In short there is no connection between the two.
Inflation basically happens when there’s a lack of slack in the system, and the existence of too many dollars causes prices to shoot up. So, for example, if labour is tight, and you pump more dollars into the system (prompting more businesses to try expanding and hiring) you’d expect the cost of labour to shoot up, mitigating the value of those extra dollars. If the energy supply is tight, and you pump more money in, energy prices will just shoot up.
Even if that happens rapidly (such as the energy inflation of the late 70s) that’s not hyperinflation.
Hyperinflation is basically what happens when your economic system collapses, and you end up running the presses like crazy in, creating a vicious cycle where the world rapidly loses faith in the currency and so on.
Wikipedia has a good list of historical examples of hyperinflation and what you see are a number of countries characterised by wars, political ruin, and other forms of structural collapse.
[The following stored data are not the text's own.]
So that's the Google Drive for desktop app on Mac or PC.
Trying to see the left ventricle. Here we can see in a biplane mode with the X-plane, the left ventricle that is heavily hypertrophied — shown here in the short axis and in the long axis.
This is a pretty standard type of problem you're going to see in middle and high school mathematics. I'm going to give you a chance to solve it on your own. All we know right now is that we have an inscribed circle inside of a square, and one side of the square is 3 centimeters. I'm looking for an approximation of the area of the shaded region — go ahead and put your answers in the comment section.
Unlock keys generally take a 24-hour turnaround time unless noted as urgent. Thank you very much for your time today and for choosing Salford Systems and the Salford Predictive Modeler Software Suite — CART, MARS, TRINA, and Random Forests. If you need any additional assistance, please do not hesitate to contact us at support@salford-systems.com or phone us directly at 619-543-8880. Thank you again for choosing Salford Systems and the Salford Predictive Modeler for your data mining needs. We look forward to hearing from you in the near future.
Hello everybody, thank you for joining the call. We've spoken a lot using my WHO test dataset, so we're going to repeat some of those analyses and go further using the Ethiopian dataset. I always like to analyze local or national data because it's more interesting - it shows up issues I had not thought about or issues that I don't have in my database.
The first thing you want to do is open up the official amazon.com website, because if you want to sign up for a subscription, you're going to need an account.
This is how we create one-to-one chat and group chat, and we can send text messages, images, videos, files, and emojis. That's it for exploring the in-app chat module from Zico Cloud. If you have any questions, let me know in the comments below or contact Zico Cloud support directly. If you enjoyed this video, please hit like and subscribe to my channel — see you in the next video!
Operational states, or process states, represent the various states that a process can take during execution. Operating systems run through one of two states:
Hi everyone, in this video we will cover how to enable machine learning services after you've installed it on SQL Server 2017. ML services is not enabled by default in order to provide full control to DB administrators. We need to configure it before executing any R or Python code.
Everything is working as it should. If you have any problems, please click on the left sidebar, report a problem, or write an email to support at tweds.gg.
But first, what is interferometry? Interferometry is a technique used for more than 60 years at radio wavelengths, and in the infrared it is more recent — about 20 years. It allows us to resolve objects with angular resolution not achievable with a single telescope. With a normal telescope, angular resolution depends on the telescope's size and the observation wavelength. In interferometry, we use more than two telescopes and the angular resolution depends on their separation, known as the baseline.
Attempting to stimulate the economy by expanding the money supply is not found on the list.
Folks like Peter Schiff see a hyperinflationary collapse right around the corner in the US (and for similar reasons, folks like Kyle Bass) see one happening in Japan.
If that happens, it will be because we experienced a total collapse of the US economic system, not because Bernanke is (however futilely) trying to jumpstart the economy, or because our debt is sky high.